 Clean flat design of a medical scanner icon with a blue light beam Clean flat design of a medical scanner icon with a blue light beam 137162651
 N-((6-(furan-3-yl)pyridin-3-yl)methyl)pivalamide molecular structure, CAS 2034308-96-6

◇ ◇ ◇ ◇ ◇

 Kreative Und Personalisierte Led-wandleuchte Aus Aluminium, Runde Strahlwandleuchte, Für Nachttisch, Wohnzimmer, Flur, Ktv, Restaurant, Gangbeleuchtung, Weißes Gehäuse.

◇ ◇ ◇ ◇ ◇

▶ **What you are asked to do**:
Please give an exact copy of the lines above, beginning with the line containing "light beam 137162651" and running through the line containing "structure, CAS 2034308-96-6", and of no other lines.

▶ **Solution to this task**:
 Clean flat design of a medical scanner icon with a blue light beam Clean flat design of a medical scanner icon with a blue light beam 137162651
 N-((6-(furan-3-yl)pyridin-3-yl)methyl)pivalamide molecular structure, CAS 2034308-96-6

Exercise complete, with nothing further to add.